■ Given data:
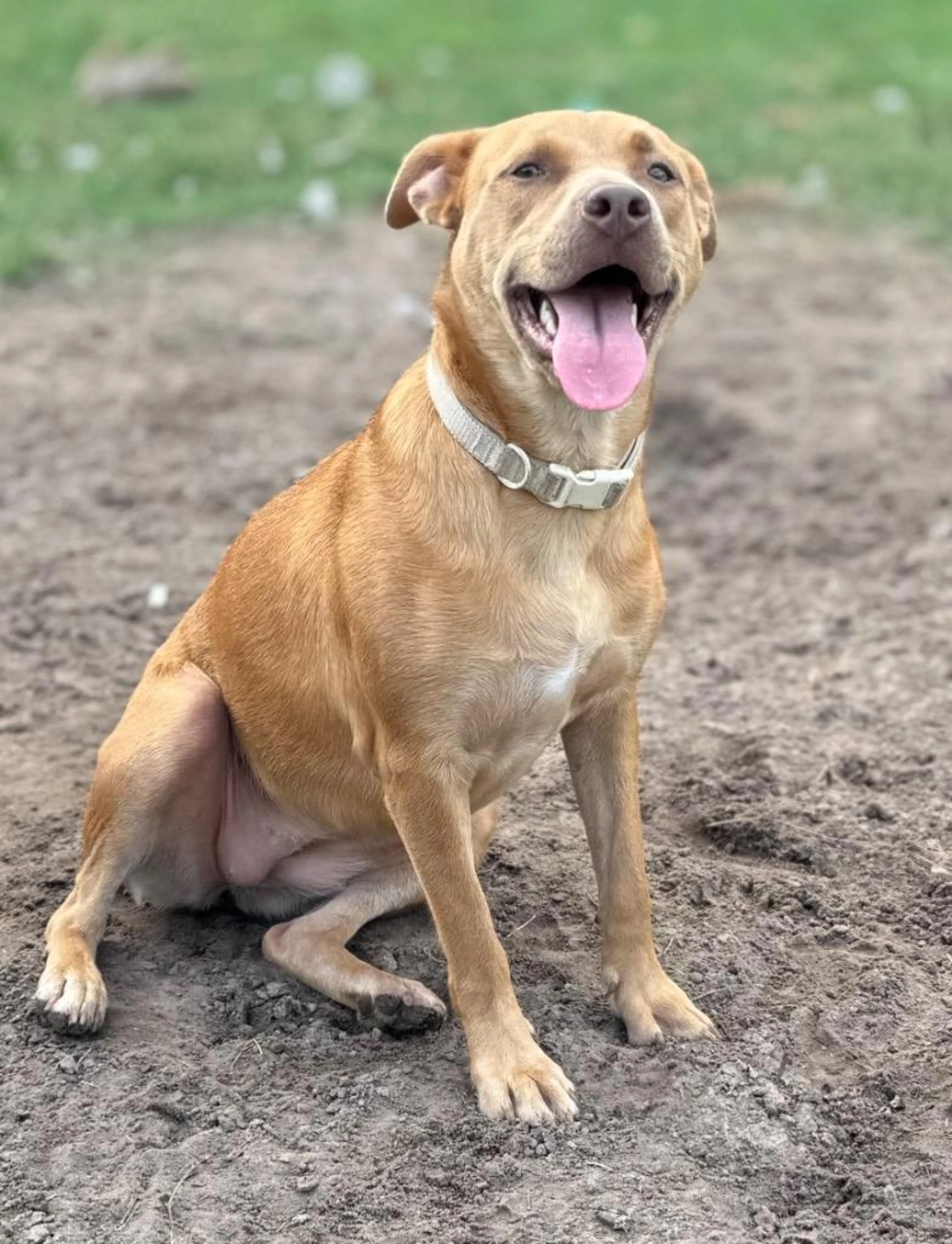 Found pet-2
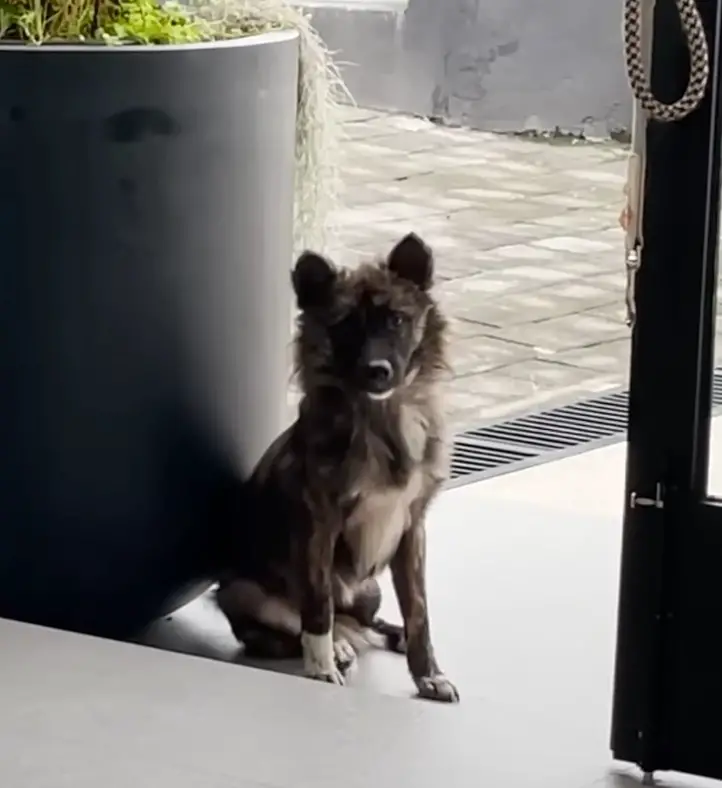 dog sitting by the door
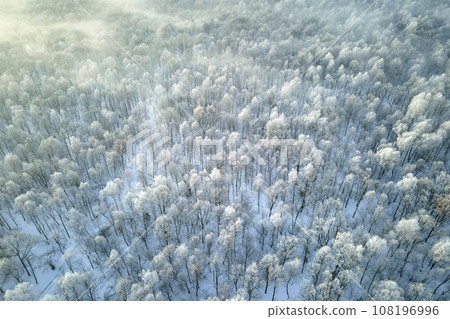 Aerial view of snow covered white forest with frozen trees in cold winter. Dense wild woodland in wintertime Aerial view of snow covered white forest with frozen trees in cold winter. Dense wild woodland in wintertime 108196996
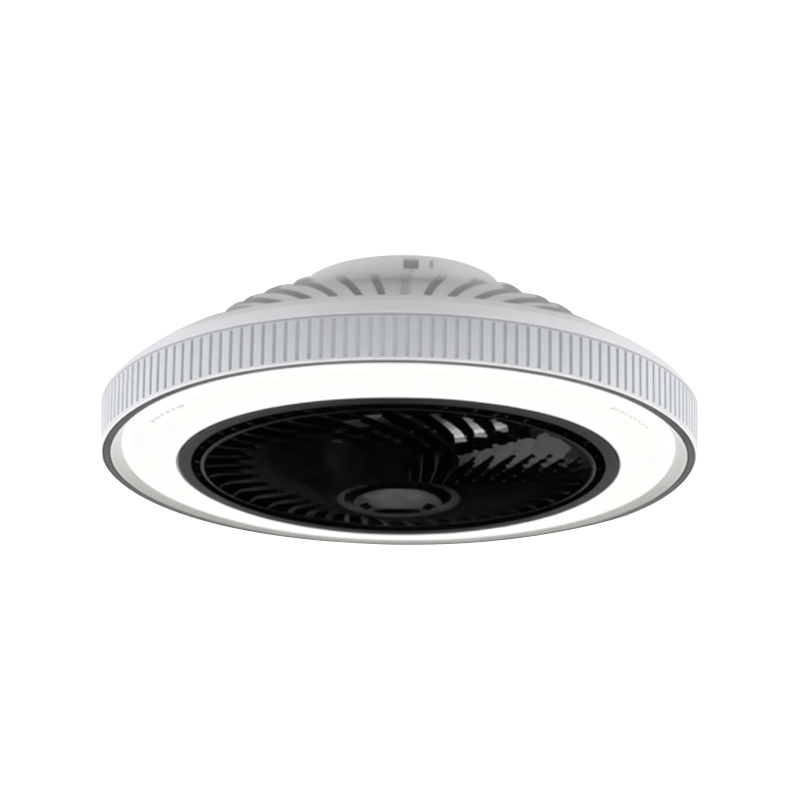 Flush Mount Ceiling Fan with Light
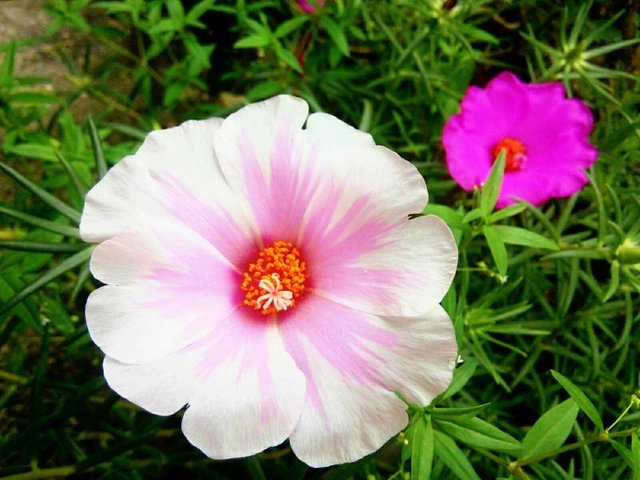 Beautiful Flowers That Bloom At 9 Am Steemit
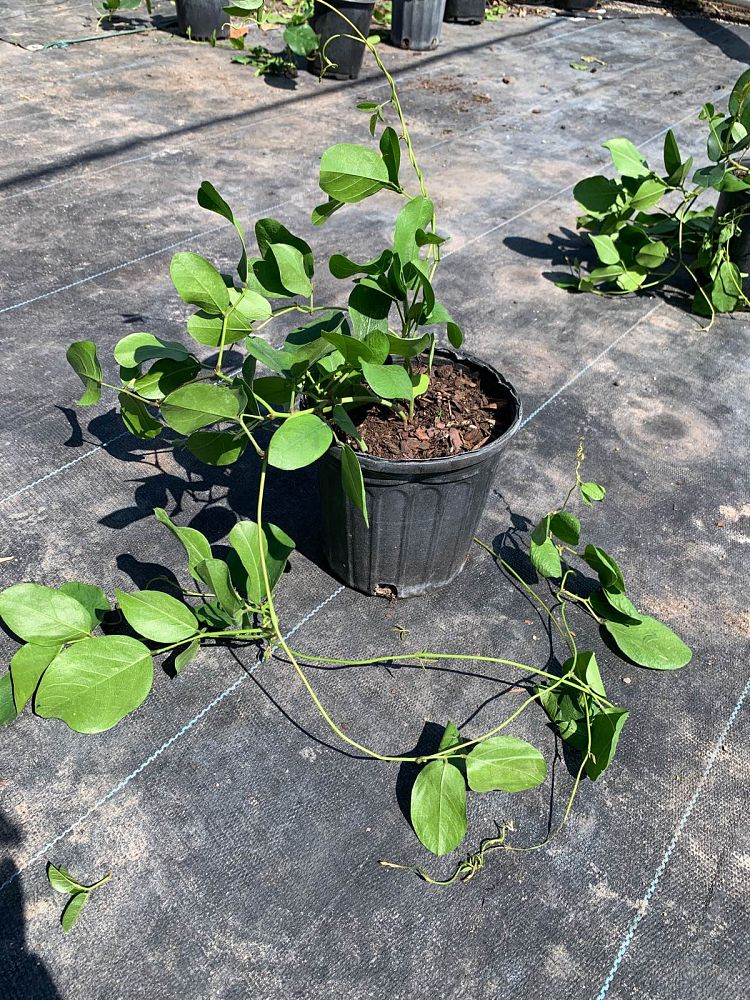 canavalia-rosea-beach-bean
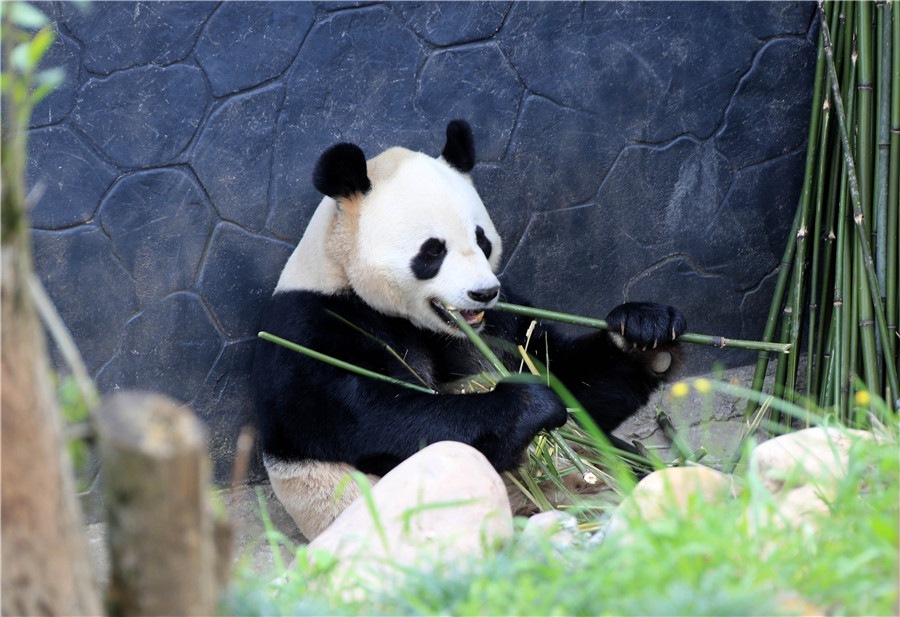晒太阳吃美食，大熊猫享受春天的样子萌翻了！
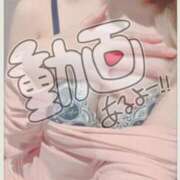 ヒメ日記 2025/09/03 14:42 投稿 やえ 萌えカワ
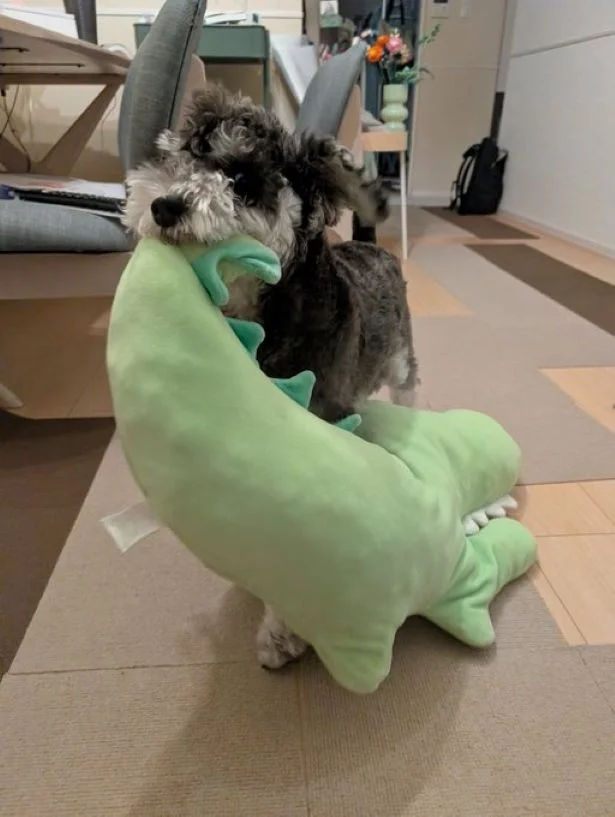 どこに運んでいるのかな?▶ビーズクッションにしっかりと座るJOJOくん(⇒次へ)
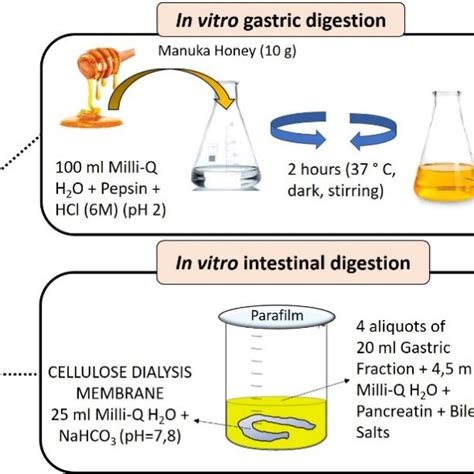 Graphical And Schematic Representation Of The In Vitro Gastrointestinal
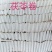 茯苓卷，卷茯，云南茯苓，高规格产品，现货供应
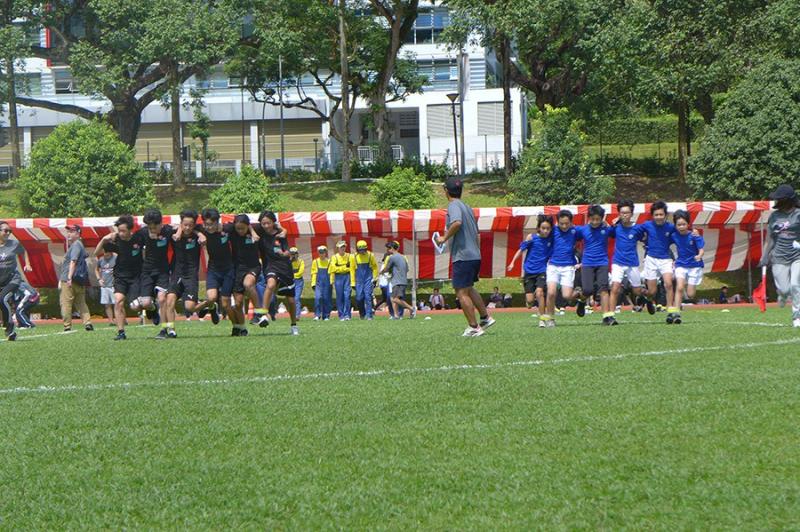 528749734689da3e331aff7.01514463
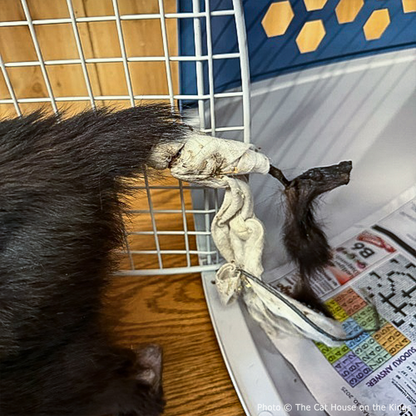 Funded: Help Cat Suffering with Painful Injuries After Being Struck by Car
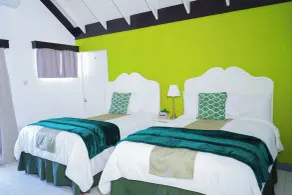 AYURVEDA RESORT - Room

■ Directions for this task: From the line with "in wintertime 108196996" down to the last line of the entries above, set down every line exactly, apart from the pictures.

■ Response:
 Aerial view of snow covered white forest with frozen trees in cold winter. Dense wild woodland in wintertime Aerial view of snow covered white forest with frozen trees in cold winter. Dense wild woodland in wintertime 108196996
 Flush Mount Ceiling Fan with Light
 Beautiful Flowers That Bloom At 9 Am Steemit
 canavalia-rosea-beach-bean
晒太阳吃美食，大熊猫享受春天的样子萌翻了！
 ヒメ日記 2025/09/03 14:42 投稿 やえ 萌えカワ
 どこに運んでいるのかな?▶ビーズクッションにしっかりと座るJOJOくん(⇒次へ)
 Graphical And Schematic Representation Of The In Vitro Gastrointestinal
 茯苓卷，卷茯，云南茯苓，高规格产品，现货供应
 528749734689da3e331aff7.01514463
 Funded: Help Cat Suffering with Painful Injuries After Being Struck by Car
 AYURVEDA RESORT - Room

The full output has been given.